Brancourt dans son article intitulé
Stratégies professionnelles et organisations des familles,
1989, élucide ce qui construit le profil des trajectoires
de ceux qui vivent en famille, explique la diversité des
stratégies individuelles et la permanence d'un modèle familial
où les hommes et les femmes investissent des espaces différents
et complémentaires. Ainsi, à partir d'une recherche sur les
conditions d'apparition et de développement de carrières
féminines et masculines, elle propose des pistes d'analyse pour
interpréter quelques unes des nouvelles composantes de la famille
contemporaine. A travers les conditions familiales de développement de
carrière des individus qui vivent en couple avec enfant, elle montre que
les stratégies d'emploi du couple sont interactives. Ces interactions
définissent d'une part la nature de l'investissement professionnel de
chacun des conjoints. D'autre part, elles définissent le profil de
distribution des rôles conjugaux. Ainsi, une forte liaison existe entre
la logique de l'interaction et les formes et moyens de l'organisation
domestique. Elle notifie par ailleurs que les stratégies
professionnelles et leur dépendance dans les couples sont des dimensions
à privilégier pour interpréter les modes d'organisation
familiale. Malgré le fait que le contexte économique aujourd'hui
oblige la femme à aller sur le marché de travail,
l'éducation des enfants doit la préoccuper.
Ainsi donc, pour Durkheim dans son ouvrage
Education et sociologie, 1992, l'éducation est
une « socialisation méthodique et elle correspond au besoin
pour toute société de s'assurer les bases de ces conditions
d'existence ». L'auteur voit qu'elle s'opère dès la
naissance, au sein de la famille, certes mais c'est à l'école
qu'elle est systématisée de sorte que celle-ci devient le lieu
central de la continuité sociale lorsqu'il s'agit de la transmission des
valeurs, des normes et des savoirs.
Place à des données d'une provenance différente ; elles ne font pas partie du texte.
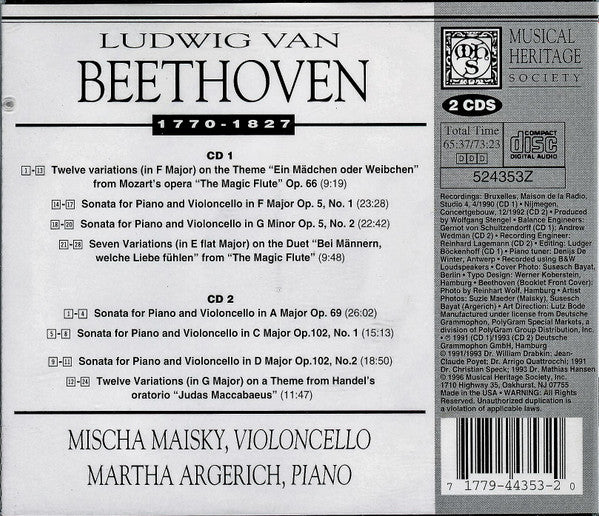 Ludwig van Beethoven - Mischa Maisky, Martha Arger - Die Cellosonaten (2xCD) | Near Mint (NM) Near Mint (NM) Love Vinyl Records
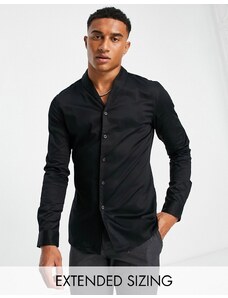 ASOS DESIGN Premium - Camicia slim nera in rasatello con scollo sciallato-Nero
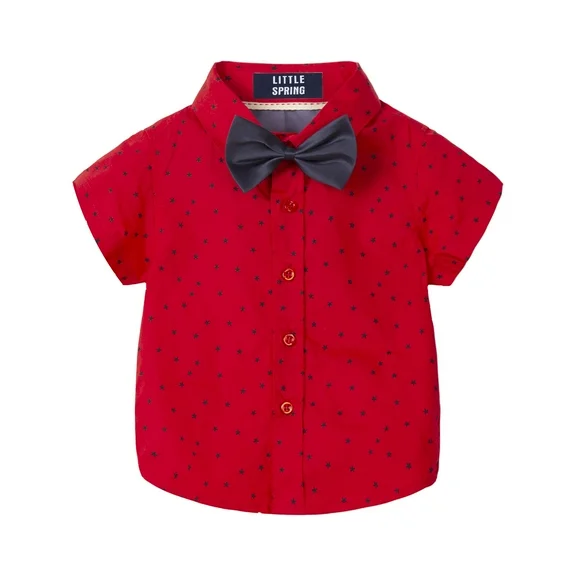 LittleSpring 4T Dress Shirt Boys Short Sleeve Button Down Shirt with Bow Tie Star Polka Dot Red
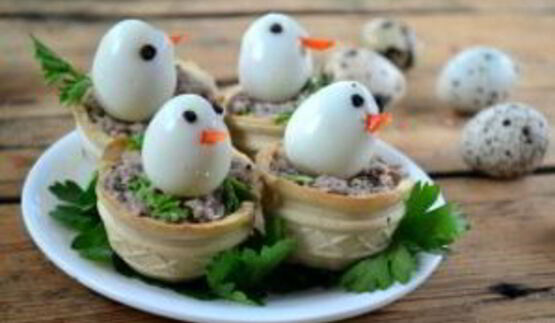 новогодние тарталетки петушки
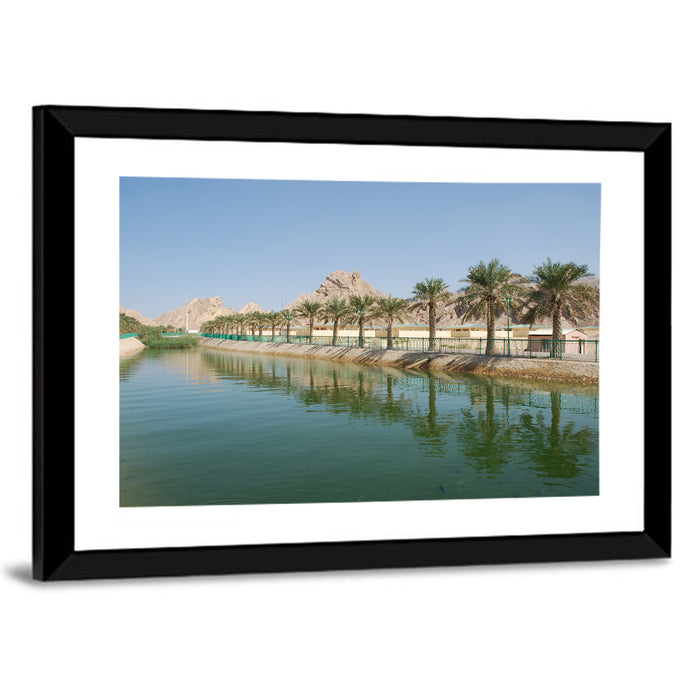 Palm Lake Reflections Wall Art as a framed print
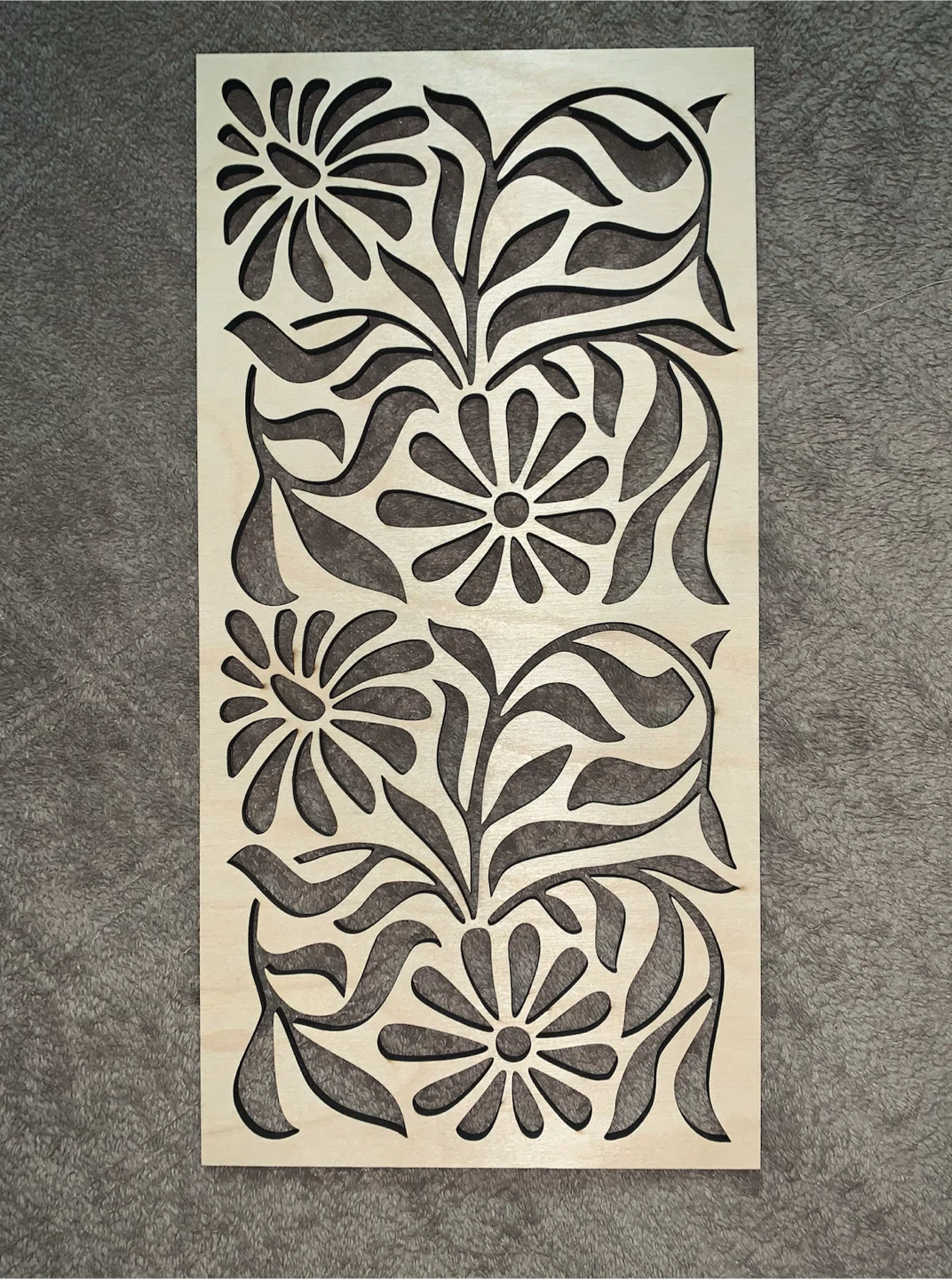 Wooden Decorative Wall Panel with Floral Design
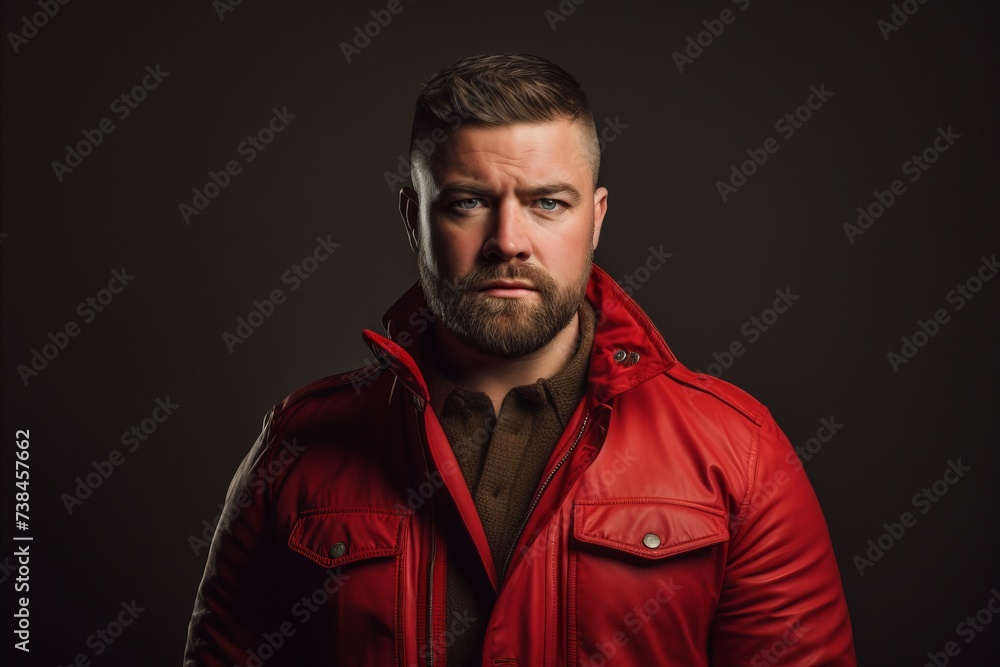 Handsome bearded man in a red jacket on a dark background. Handsome bearded man in a red jacket on a dark background.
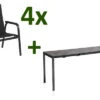 KETTLER Cubic/Basic Plus Padded Esstischgarnitur, Anthrazit, Alu/HPL/Textilene, 140/210x70 Cm, 4 Stapelsessel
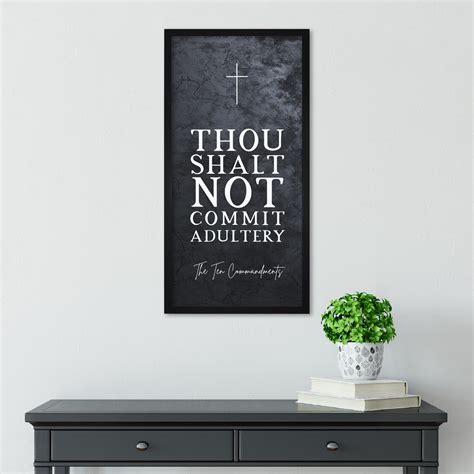 Ten Commandments Thou Shalt Not Commit Adultery Bible Verse Framed Art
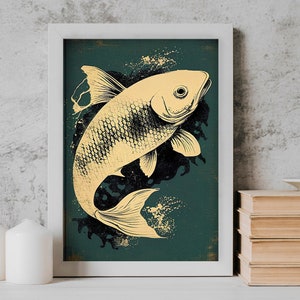 Vintage Koi Fish Painting, Japanese Koi Fish Wall Art, Japanese Wall Art, Fish Painting, Japanese Koi Poster, Fish Print, Digital Download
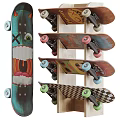 Colorful Sports Equipment Featuring Cartoon Pattern Skateboards On Wooden Rack With Colored Wheels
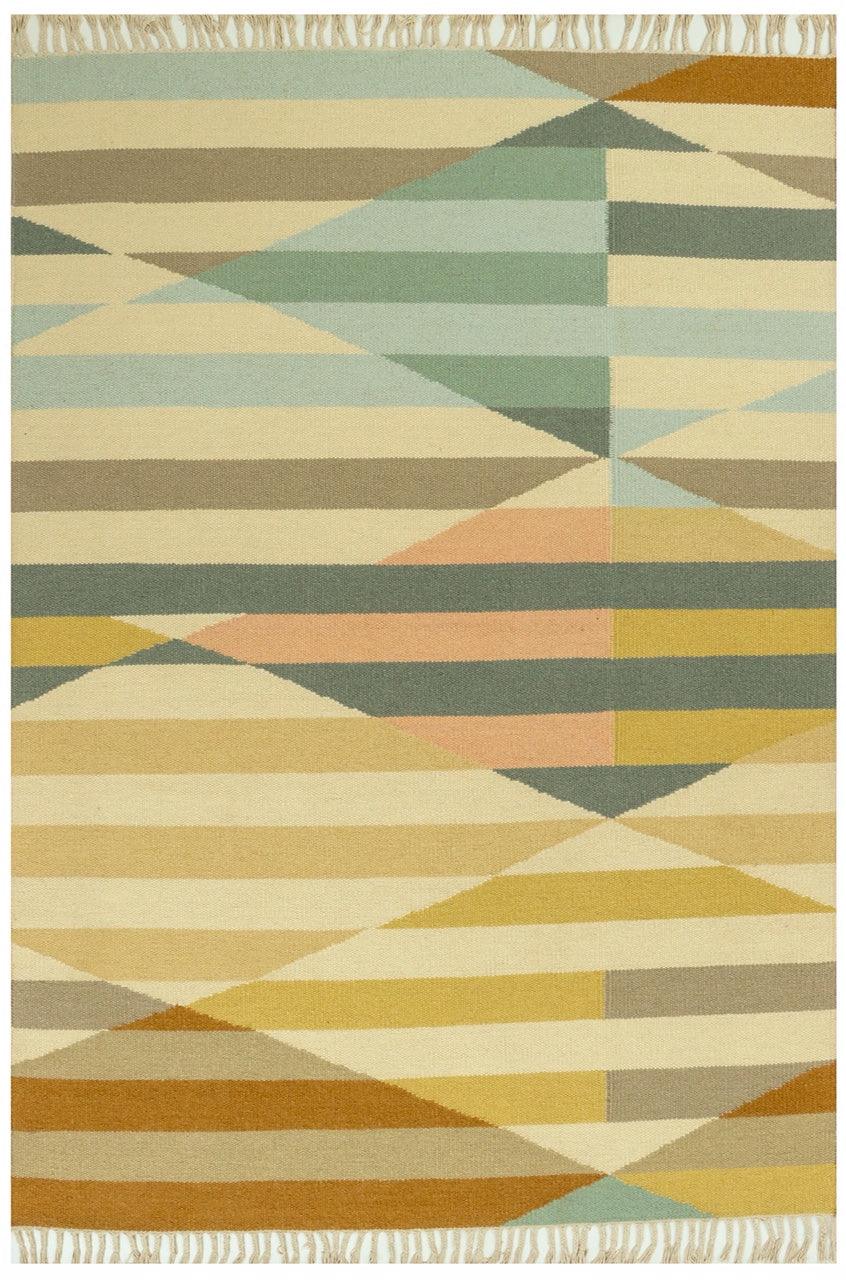 Woollen Hand Dhurry  Colour Diamond Stripe - Cotton - Flatweave - Ajaypee Carpets (Thumbnail 4)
L'auteur a essentiellement
étudié la socialisation des jeunes générations
à l'école, au sein du « système
scolaire ».
Pendant qu'il met l'accent sur l'école, Assaba
quant à lui, dans son ouvrage Vivre et savoir en
Afrique : Essai sur l'éducation orale en yoruba, 2000,
met l'accent sur l'éducation non scolaire. Assaba montre
que chez ces peuples, instruire n'est pas éduquer. Pour lui,
l'instruction n'est qu'un moyen parmi tant d'autres permettant de former
l'homme, c'est-à-dire l'éduquer. Pour les yoruba, s'instruire,
c'est acquérir des connaissances livresques, ce qui n'est pas être
éduqué. L'éducation vise toujours un idéal comme le
dit aussi Aristote dans revue trimestrielle
d'éducation comparée. Pour ce dernier, la
finalité de l'éducation est identique à la finalité
de l'homme. Toute éducation vise explicitement ou implicitement un
idéal humain. Tous les auteurs cités, dans leurs majorité
ne se sont pas attardés sur l'éducation des enfants dans les
différentes recherches menées sur la conciliation de la vie
professionnelle et celle familiale. Tous les parents en général
et les mères salariées en particulier rêvent d'une bonne
éducation pour leurs enfants. Pour ce fait, les femmes salariées
développent des stratégies pouvant les aider à assurer
l'éducation des enfants même quand elles sont absentes. Mais
l'intérêt de ce travail de recherche est d'examiner, après
analyse des grands axes identifiés, le dispositif organisationnel mis en
place par les femmes enquêtées pour concilier efficacement leur
travail à l'éducation de leurs enfants.